Thirdly, people can make changes concerning their shopping, recycling and dietary habits.  Again, there is a financial element here, because for example buying organic food is undoubtedly more expensive, and therefore this may not be viable for those who are economically vulnerable.  Online food shopping has becoming increasingly popular, with most supermarket chains now offering deliveries, and (again conjecture) this is something many disabled people undoubtedly benefit from; the downside of this is that there is always a lot of plastic involved in whatever is delivered, whereas someone able to go to the supermarket would be able to choose loose fruit and so on.  But there are ways around this, the main supermarkets are slowly improving, and there are more independent companies now that deliver environmentally-friendly groceries and food.  So, as before, if it can be afforded, things like buying organic and cutting out plastic could be considered.  For myself, I use an independent company that delivers local, organic, sustainable and environmentally-friendly groceries, delivered either in compostable bags or brown paper bags; undoubtedly, this is more expensive, but I am fortunate enough to be able to meet this cost.  Likewise, when it comes to recycling, this is something that everybody can do, regardless of being disabled or not.  If a person is able to throw something in the bin, they are able to put it in the recycling bin (where appropriate).  If they are not able to throw something away themselves, because of a disability, then it is hopeful that they have someone to do it for them, be that a friend, family member or official carer.  That person can therefore use the recycling bin.  Personally, I recycle absolutely everything, and have a composter in my small garden for anything that can go in it. 

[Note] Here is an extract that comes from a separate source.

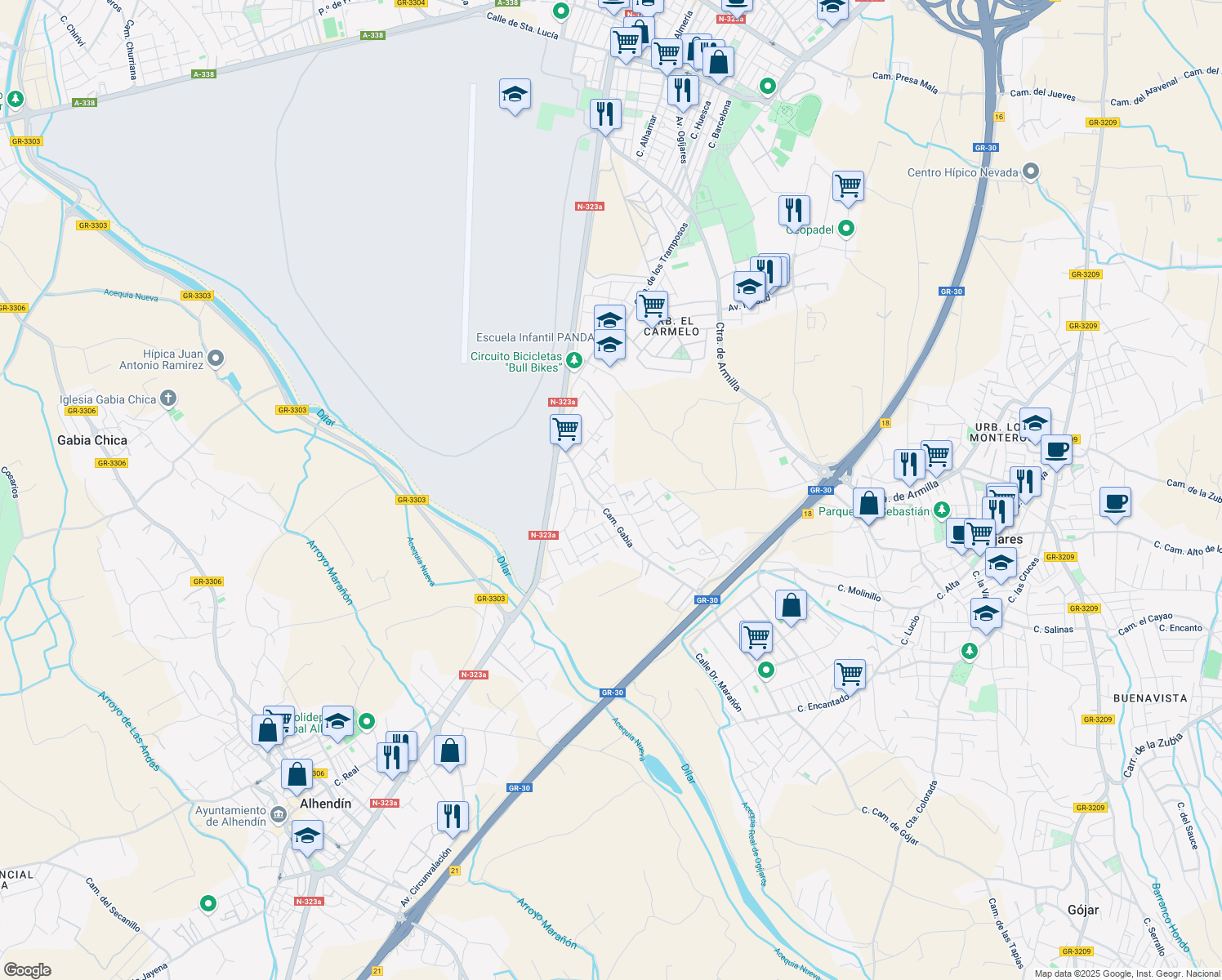 map of restaurants, bars, coffee shops, grocery stores, and more near 1 Calle Azucena in Ogíjares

Finally, and probably the most controversial one in this category: changing dietary habits.  I am not going to argue that everybody should be vegetarian or vegan; especially for many disabled people, who have very specific diets and would not be able to cut out the protein and vitamins included in meat, fish and dairy, this would not be possible.  Physical health and how it relates to diet should be one of the more important priorities for any individual, disabled or not, therefore there should be no blanket advice.  However, if an individual (disabled or not) is able to reduce their meat consumption, especially red meat such as beef and lamb, even if only two or three days a week, then that is something that could be considered.  In the UK, only a 20% reduction of meat consumption, as well as a 20% reduction in agricultural land being taken out of meat production, is needed to reach our CO2 net zero target by 20507; based on a working week, this is only one meat-free day per week.  For me, I used to be an ardent meat eater, not because of disability issues but because I enjoyed it; however, over the last 10 years or so, I have been cutting down dramatically and, as of last year, I am now almost completely vegetarian and, many days of the week, vegan. 

Lastly, as discussed above, probably the most important thing that everybody can do, disabled or otherwise, is to simply talk about anthropogenic climate change and get involved in tackling it in some, even little, way.  I am not arguing that everybody needs to be an expert or even have a deep understanding of the subject, but even a mild interest is a step in the right direction.  For everybody able to, getting involved, even in a small way, is something that can be done by all, including disabled people.  It does not have to involve going on marches, blocking motorways or gluing oneself to railings, which many disabled people (including myself) would not be able to do physically.  But it can involve talking to people (such as friends and family members), talking about it on social media, and joining climate-related groups; the latter, in particular, has become easier since the COVID pandemic, with virtual meetings now commonplace, something which is much easier for many disabled people if they struggle to leave their home.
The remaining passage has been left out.